* _TASK GOAL_: Only the lines below from the one containing "The Long Dark" through the one containing "Vive el clásico" belong in the answer, set down exactly, with the pictures left out.

Top of INFORMATION

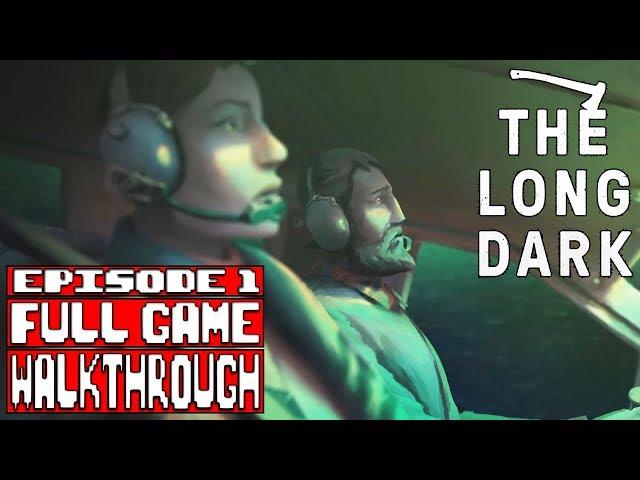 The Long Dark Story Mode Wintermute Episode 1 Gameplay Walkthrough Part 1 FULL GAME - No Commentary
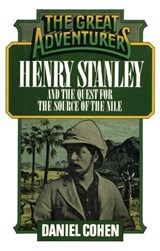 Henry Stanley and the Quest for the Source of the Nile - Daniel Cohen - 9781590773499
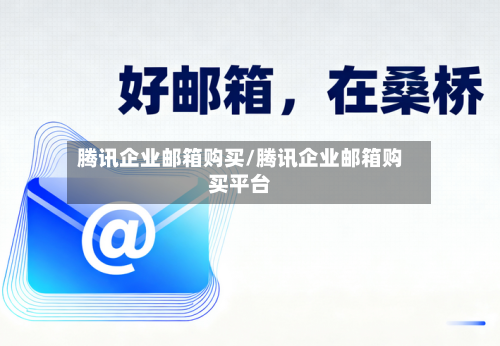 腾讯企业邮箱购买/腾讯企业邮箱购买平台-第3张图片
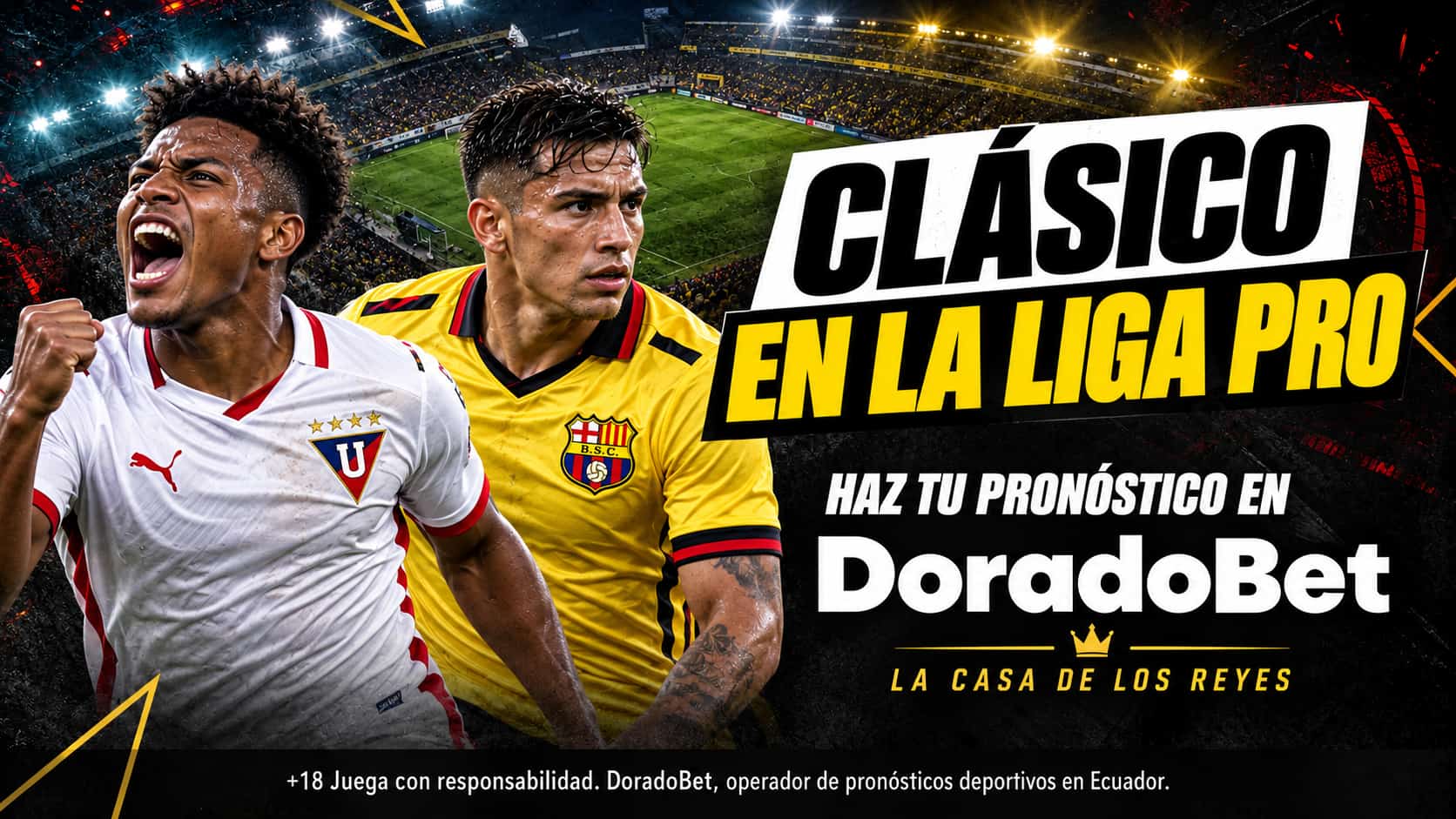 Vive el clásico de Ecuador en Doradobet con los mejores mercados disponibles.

Bottom of INFORMATION
Top of INFORMATION

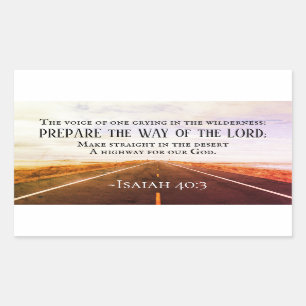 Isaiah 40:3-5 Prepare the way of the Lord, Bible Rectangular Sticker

Bottom of INFORMATION

* _SOLVED PROBLEM_:
 The Long Dark Story Mode Wintermute Episode 1 Gameplay Walkthrough Part 1 FULL GAME - No Commentary
 Henry Stanley and the Quest for the Source of the Nile - Daniel Cohen - 9781590773499
 腾讯企业邮箱购买/腾讯企业邮箱购买平台-第3张图片
 Vive el clásico de Ecuador en Doradobet con los mejores mercados disponibles.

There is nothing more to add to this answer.